CO−0.40−0.22

Observation data: J2000 epoch
- Right ascension: 17^{h} 45.5^{m}
- Declination: −29° 24′
- Distance: 27000 ly (8300 pc)
- Constellation: Sagittarius

= CO−0.40−0.22 =

Molecular cloud

CO−0.40−0.22 is a high velocity compact gas cloud near the centre of the Milky Way. It is 200 light years away from the centre in the central molecular zone. The cloud is in the shape of ellipse. The differences in the velocity, termed velocity dispersion, of the gas is unusually high at 100 km/s.

The velocity dispersion was once thought to be due to an intermediate-mass black hole (IMBH) with a mass of about 100,000 solar masses. However, observations with the Atacama Large Millimeter/submillimeter Array suggested the evidence for a cloud-cloud collision.
Subsequent theoretical studies of the gas cloud and nearby IMBH candidates have re-opened the possibility, though no observational evidence for existence of an IMBH has been reported.

The molecular cloud has a mass of 4,000 solar masses. It is located at −0.40°, −0.22° galactic longitude and latitude. The cloud is 0.2° away from Sgr C to the galactic southeast. The gas is moving away from Earth at speeds ranging from 20 to 120 km/s. The spectral lines of carbon monoxide reveal that the gas is dense, and warm and fairly opaque.

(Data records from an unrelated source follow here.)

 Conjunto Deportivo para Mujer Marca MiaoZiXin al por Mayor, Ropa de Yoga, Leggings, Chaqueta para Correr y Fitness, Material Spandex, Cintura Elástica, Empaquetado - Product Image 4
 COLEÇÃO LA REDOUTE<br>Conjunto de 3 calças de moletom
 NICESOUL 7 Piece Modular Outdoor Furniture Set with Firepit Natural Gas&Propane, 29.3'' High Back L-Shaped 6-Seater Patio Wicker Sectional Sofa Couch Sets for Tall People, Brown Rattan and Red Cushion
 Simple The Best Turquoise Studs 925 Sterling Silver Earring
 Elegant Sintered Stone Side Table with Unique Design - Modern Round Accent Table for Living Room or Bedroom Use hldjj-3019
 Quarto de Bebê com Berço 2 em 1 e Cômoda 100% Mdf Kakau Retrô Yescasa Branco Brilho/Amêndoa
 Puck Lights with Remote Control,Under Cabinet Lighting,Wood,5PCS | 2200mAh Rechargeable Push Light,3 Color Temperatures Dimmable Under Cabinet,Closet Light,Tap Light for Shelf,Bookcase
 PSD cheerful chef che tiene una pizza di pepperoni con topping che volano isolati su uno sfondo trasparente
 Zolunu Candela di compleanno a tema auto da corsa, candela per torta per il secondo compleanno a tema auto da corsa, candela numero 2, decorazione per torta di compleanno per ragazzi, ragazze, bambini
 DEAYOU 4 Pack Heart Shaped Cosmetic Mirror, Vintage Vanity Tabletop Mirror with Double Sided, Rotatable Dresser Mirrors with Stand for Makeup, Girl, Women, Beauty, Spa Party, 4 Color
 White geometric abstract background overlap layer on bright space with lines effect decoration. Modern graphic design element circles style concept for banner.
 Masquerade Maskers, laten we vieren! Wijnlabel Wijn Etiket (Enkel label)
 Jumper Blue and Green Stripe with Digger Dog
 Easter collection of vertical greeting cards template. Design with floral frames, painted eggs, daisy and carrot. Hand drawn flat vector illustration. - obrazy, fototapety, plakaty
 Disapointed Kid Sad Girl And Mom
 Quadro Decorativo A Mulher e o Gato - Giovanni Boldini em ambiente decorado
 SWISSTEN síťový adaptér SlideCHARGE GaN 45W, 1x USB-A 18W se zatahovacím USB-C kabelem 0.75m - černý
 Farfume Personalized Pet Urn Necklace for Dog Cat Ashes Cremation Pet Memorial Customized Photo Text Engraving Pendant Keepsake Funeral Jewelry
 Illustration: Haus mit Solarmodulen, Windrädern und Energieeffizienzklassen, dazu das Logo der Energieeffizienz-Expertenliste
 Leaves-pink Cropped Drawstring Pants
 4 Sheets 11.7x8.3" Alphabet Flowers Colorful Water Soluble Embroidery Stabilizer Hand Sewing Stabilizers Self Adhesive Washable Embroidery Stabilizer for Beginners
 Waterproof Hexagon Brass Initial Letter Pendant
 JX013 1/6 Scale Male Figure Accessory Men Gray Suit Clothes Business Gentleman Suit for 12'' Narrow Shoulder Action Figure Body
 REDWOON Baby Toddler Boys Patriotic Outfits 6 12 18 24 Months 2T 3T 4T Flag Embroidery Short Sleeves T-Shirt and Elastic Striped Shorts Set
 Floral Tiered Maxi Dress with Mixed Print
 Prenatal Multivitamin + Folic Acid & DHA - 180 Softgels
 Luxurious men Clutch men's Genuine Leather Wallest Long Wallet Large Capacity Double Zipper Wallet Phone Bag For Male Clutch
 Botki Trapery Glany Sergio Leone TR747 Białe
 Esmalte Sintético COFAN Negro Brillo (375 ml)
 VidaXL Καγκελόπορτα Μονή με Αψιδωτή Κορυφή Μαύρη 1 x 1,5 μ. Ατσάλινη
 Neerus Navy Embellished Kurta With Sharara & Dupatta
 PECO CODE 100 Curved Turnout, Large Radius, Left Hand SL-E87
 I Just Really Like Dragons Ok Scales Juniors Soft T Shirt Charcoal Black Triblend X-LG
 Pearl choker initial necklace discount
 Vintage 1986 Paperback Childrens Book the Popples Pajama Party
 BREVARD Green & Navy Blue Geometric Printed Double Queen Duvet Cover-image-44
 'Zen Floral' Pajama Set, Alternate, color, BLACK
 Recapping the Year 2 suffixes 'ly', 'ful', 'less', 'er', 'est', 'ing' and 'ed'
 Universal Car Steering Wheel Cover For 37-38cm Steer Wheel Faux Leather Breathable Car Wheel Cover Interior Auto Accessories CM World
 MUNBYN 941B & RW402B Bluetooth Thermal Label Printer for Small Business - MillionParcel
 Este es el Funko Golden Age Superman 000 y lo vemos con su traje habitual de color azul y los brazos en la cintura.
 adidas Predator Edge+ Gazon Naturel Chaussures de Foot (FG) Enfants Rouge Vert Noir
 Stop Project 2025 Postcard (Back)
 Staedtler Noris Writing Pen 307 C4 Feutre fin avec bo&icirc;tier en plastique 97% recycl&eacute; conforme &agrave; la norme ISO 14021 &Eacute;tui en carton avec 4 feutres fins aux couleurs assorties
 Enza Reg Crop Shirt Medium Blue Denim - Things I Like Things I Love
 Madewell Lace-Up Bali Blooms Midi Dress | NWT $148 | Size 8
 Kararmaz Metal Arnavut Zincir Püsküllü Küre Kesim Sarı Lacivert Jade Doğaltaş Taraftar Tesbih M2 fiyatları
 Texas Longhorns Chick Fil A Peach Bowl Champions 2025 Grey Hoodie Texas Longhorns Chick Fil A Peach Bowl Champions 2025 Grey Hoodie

The gas cloud includes carbon monoxide and hydrogen cyanide molecules. Other molecules detected via microwave spectroscopy include cyanoacetylene, cyclopropenylidene, methanol, silicon monoxide, sulfur monoxide, carbon monosulfide, Thioformaldehyde, Hydrogen isocyanide, Formamide, and ions H_{2}N^{+} and HCO^{+}.

The name followed the precedent set by CO−0.02−0.02, which is another high velocity compact cloud in the central molecular zone. Another example of this naming convention is CO−0.30−0.07.